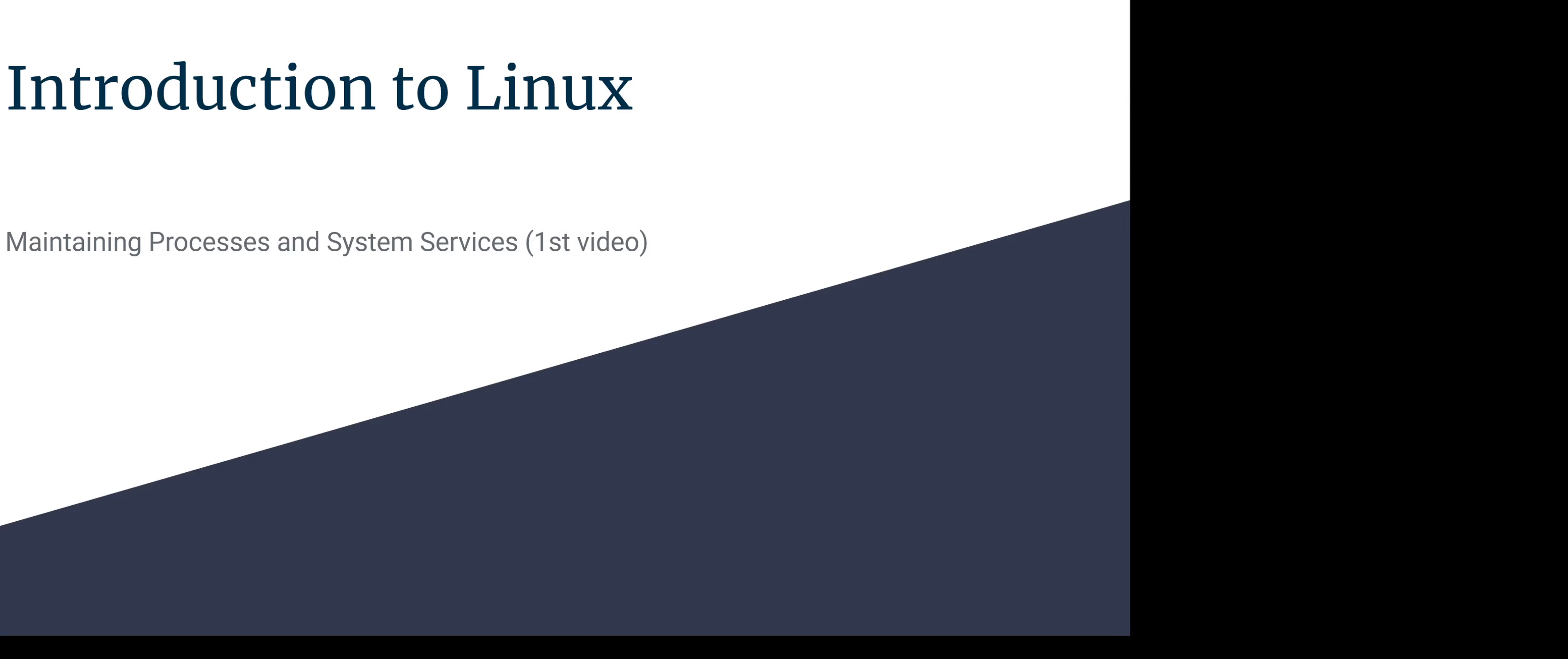Hi team! This is my series of introduction to Linux videos. This is the first video of maintaining process and system services topic.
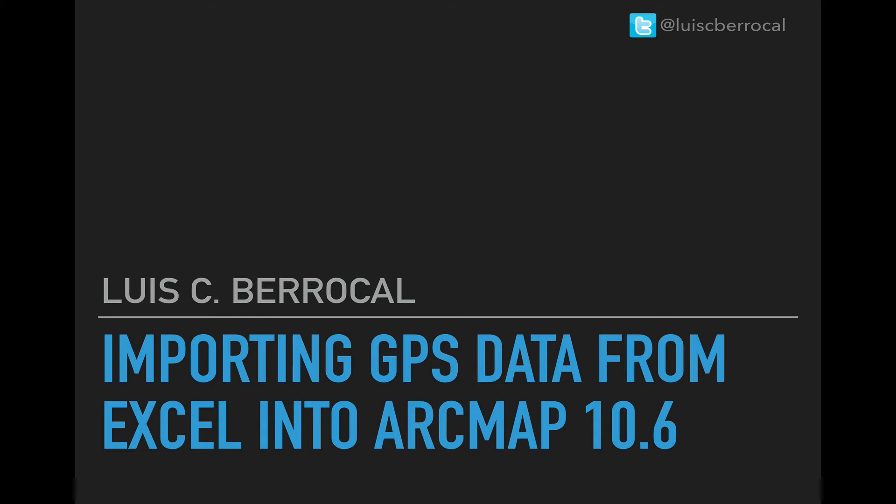Hi folks, my name is Luis Ciberrocal, and I'm going to show you a short tutorial on how to import GPS data from Excel into ArcMAP 10.6.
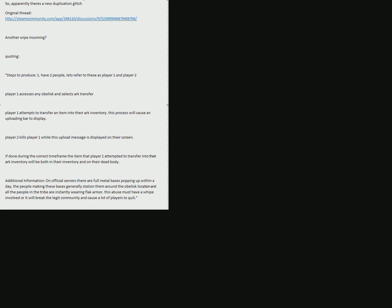You need two players for this glitch. The first player accesses an obelisk and selects the ARK transfer. The first player attempts to transfer an item into their ARK inventory. This process will cause an uploading bar to display.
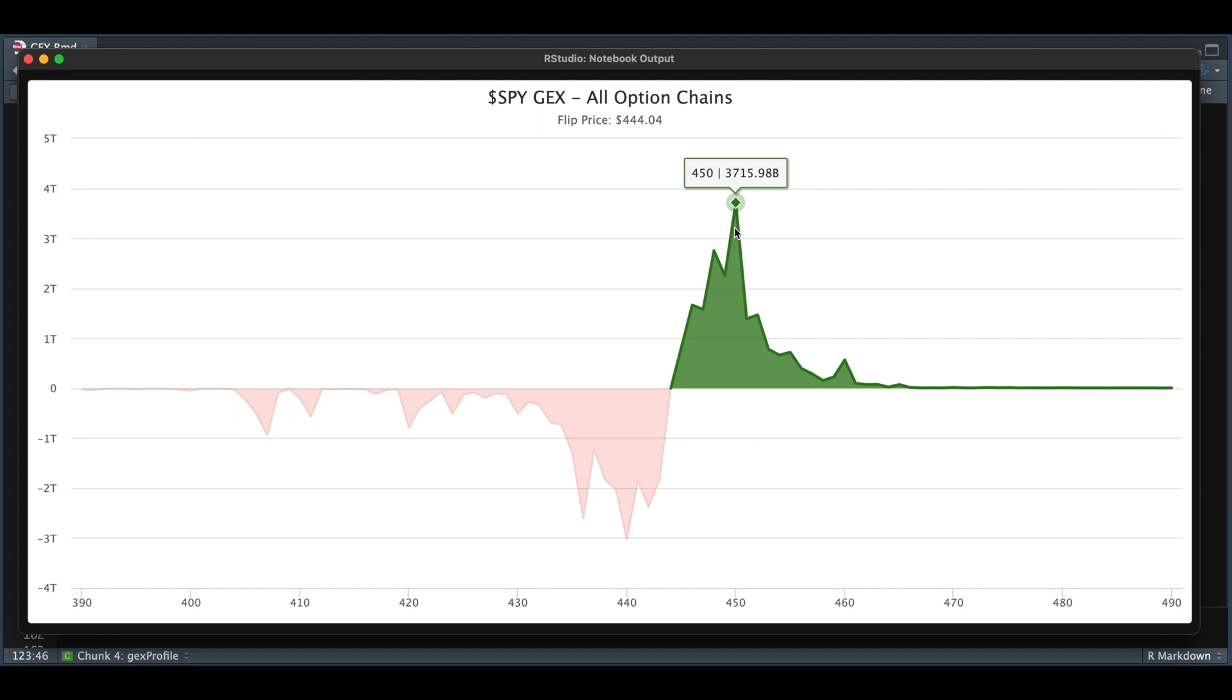Hey guys, welcome back. In today's tutorial, I'm going to be showing you how to create gamma exposure profiles.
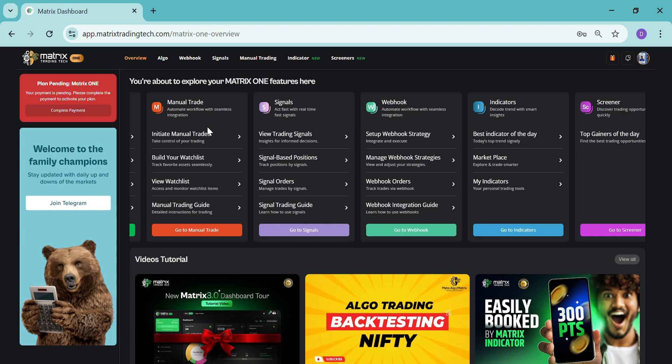So these are the main features which we are providing right now. So let's end it here. Thank you so much.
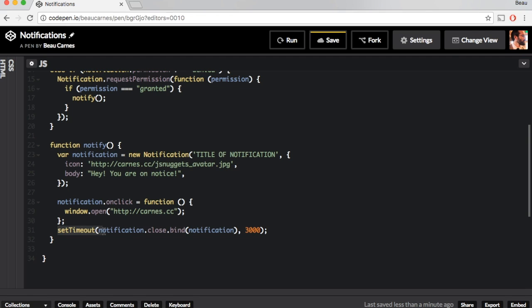So to do that, we're going to set timeout and we're going to call notification.close.bind notification. And 3000 here is the number of milliseconds the notification is going to be up. And notice that we have the use of bind here to make sure that the close call is associated with the notification.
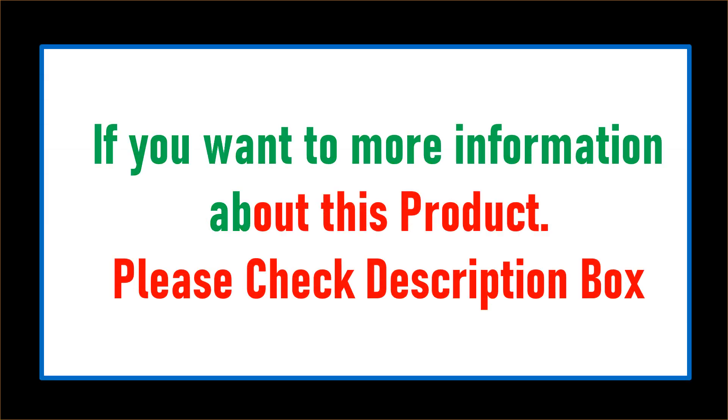If you want more information about this product, please check description box.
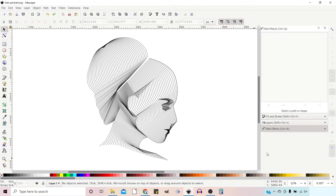Hello and welcome to another video on Inkscape, a free open source vector graphics editor. To learn where you can download a copy and how to use it, click on the link in the top right hand corner of the screen. If you find this video helpful then help us by giving a like and subscribing to the channel. Remember to hit the bell icon so you're notified when we release new videos.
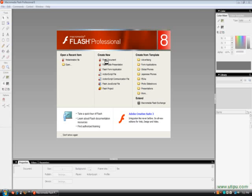Okay, hello. This is a tutorial on how to make a Flash button. I'm going to open up Flash Professional 8 and go to Flash Document under 'Create New'.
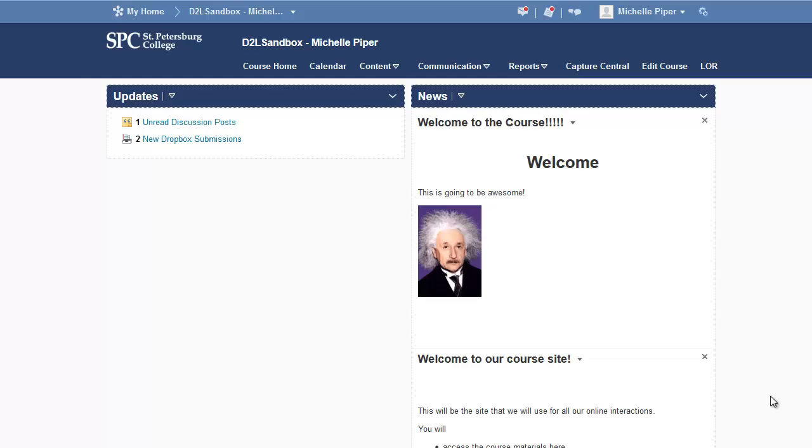As we move forward with D2L, we're planning to do some things differently and you'll, of course, get emails and updates about that. But if you would like your students to have SmartThinking this semester during the pilot phase this summer,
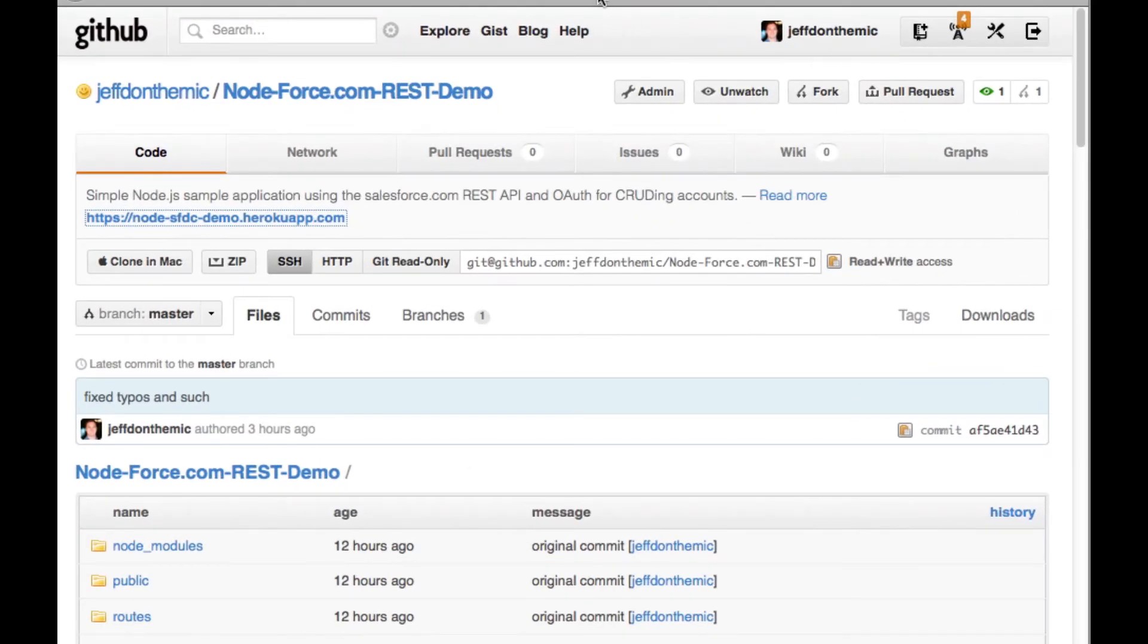Here's a quick demo of how the application works. Here's my GitHub repo and the link for the application.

*PROBLEM DETAILS*:
Write out the data word for word, with every picture dropped.

*ANSWER BOX*:
Hi team! This is my series of introduction to Linux videos. This is the first video of maintaining process and system services topic.
Hi folks, my name is Luis Ciberrocal, and I'm going to show you a short tutorial on how to import GPS data from Excel into ArcMAP 10.6.
You need two players for this glitch. The first player accesses an obelisk and selects the ARK transfer. The first player attempts to transfer an item into their ARK inventory. This process will cause an uploading bar to display.
Hey guys, welcome back. In today's tutorial, I'm going to be showing you how to create gamma exposure profiles.
So these are the main features which we are providing right now. So let's end it here. Thank you so much.
So to do that, we're going to set timeout and we're going to call notification.close.bind notification. And 3000 here is the number of milliseconds the notification is going to be up. And notice that we have the use of bind here to make sure that the close call is associated with the notification.
If you want more information about this product, please check description box.
Hello and welcome to another video on Inkscape, a free open source vector graphics editor. To learn where you can download a copy and how to use it, click on the link in the top right hand corner of the screen. If you find this video helpful then help us by giving a like and subscribing to the channel. Remember to hit the bell icon so you're notified when we release new videos.
Okay, hello. This is a tutorial on how to make a Flash button. I'm going to open up Flash Professional 8 and go to Flash Document under 'Create New'.
As we move forward with D2L, we're planning to do some things differently and you'll, of course, get emails and updates about that. But if you would like your students to have SmartThinking this semester during the pilot phase this summer,
Here's a quick demo of how the application works. Here's my GitHub repo and the link for the application.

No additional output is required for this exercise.